# L05: PCA & t-SNE
## Dimensionality Reduction for Visualization and Preprocessing

[![Open In Colab](https://colab.research.google.com/assets/colab-badge.svg)](https://colab.research.google.com/github/Digital-AI-Finance/Methods_and_Algorithms/blob/main/notebooks/L05_pca_tsne.ipynb)

**Methods and Algorithms -- MSc Data Science**

---

### Learning Objectives

By the end of this notebook, you will be able to:

1. Apply PCA for dimensionality reduction and feature extraction
2. Interpret variance explained and choose number of components
3. Use t-SNE for visualization of high-dimensional data
4. Compare linear (PCA) vs non-linear (t-SNE) methods

### Finance Application: Portfolio Risk Decomposition

In [None]:
# Import libraries
import numpy as np
import pandas as pd
import matplotlib.pyplot as plt
from sklearn.preprocessing import StandardScaler
from sklearn.decomposition import PCA
from sklearn.manifold import TSNE
from sklearn.datasets import make_blobs
import warnings
warnings.filterwarnings('ignore')

# Set random seed for reproducibility
np.random.seed(42)

# Plotting style
plt.rcParams.update({'font.size': 12, 'figure.figsize': (10, 6)})

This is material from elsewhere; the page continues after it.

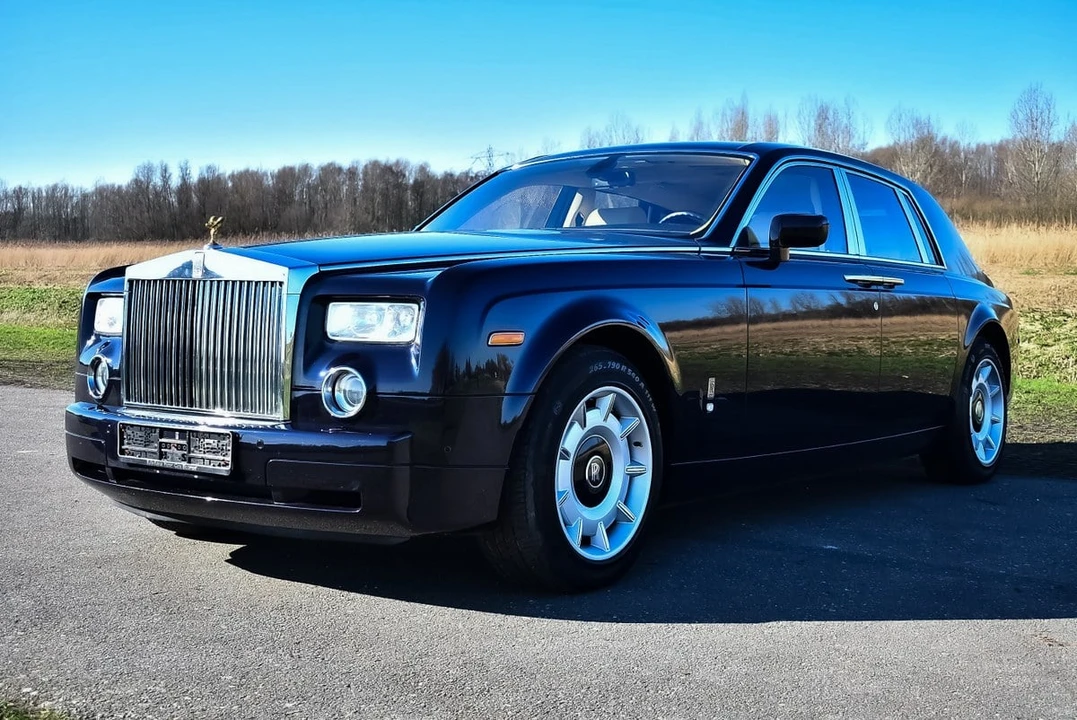 2004 Rolls-Royce Phantom VII - Image 9 of 30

print("Libraries imported successfully!")

## Part 1: Theory Recap

### Principal Component Analysis (PCA)

PCA finds orthogonal directions of maximum variance:

**Covariance Matrix:**
$$\Sigma = \frac{1}{n-1} X^T X$$

**Eigendecomposition:**
$$\Sigma v = \lambda v$$

where $v$ = eigenvector (principal direction), $\lambda$ = eigenvalue (variance)

**Variance Explained:**
$$\text{Explained Variance}_i = \frac{\lambda_i}{\sum_j \lambda_j}$$

### t-SNE

t-SNE preserves local neighborhood structure through probability matching:

**High-dimensional similarity (Gaussian):**
$$p_{j|i} = \frac{\exp(-||x_i - x_j||^2 / 2\sigma_i^2)}{\sum_{k \neq i} \exp(-||x_i - x_k||^2 / 2\sigma_i^2)}$$

**Low-dimensional similarity (t-distribution):**
$$q_{ij} = \frac{(1 + ||y_i - y_j||^2)^{-1}}{\sum_{k \neq l} (1 + ||y_k - y_l||^2)^{-1}}$$

**Objective: Minimize KL divergence**
$$KL(P||Q) = \sum_{i \neq j} p_{ij} \log \frac{p_{ij}}{q_{ij}}$$

## Part 2: Generate Synthetic Portfolio Data

In [None]:
# Generate synthetic portfolio returns data
def generate_portfolio_data(n_assets=50, n_periods=252, n_factors=5):
    """
    Generate synthetic asset returns with latent factor structure.
    
    Parameters:
    - n_assets: Number of assets
    - n_periods: Number of time periods (trading days)
    - n_factors: Number of latent factors
    
    Returns:
    - returns: Asset returns matrix (n_periods x n_assets)
    - factor_loadings: True factor loadings matrix
    - sectors: Sector labels for each asset
    """
    np.random.seed(42)
    
    # Create latent factors (market, size, value, momentum, sector)
    factors = np.random.randn(n_periods, n_factors) * 0.02  # Daily factor returns
    
    # Create sector structure (5 sectors)
    sectors = np.repeat(['Tech', 'Finance', 'Healthcare', 'Energy', 'Consumer'], n_assets // 5)
    
    # Factor loadings with sector structure
    factor_loadings = np.random.randn(n_assets, n_factors) * 0.5
    
    # Add sector-specific loading on one factor
    for i, sector in enumerate(['Tech', 'Finance', 'Healthcare', 'Energy', 'Consumer']):
        mask = sectors == sector
        factor_loadings[mask, i % n_factors] += 1.0  # Higher loading on sector factor
    
    # Generate returns: R = F * B' + epsilon
    returns = factors @ factor_loadings.T + np.random.randn(n_periods, n_assets) * 0.01
    
    return returns, factor_loadings, sectors

# Generate data
returns, true_loadings, sectors = generate_portfolio_data()

# Create asset names
asset_names = [f"{s[:3]}{i+1}" for i, s in enumerate(sectors)]

# Create DataFrame
df_returns = pd.DataFrame(returns, columns=asset_names)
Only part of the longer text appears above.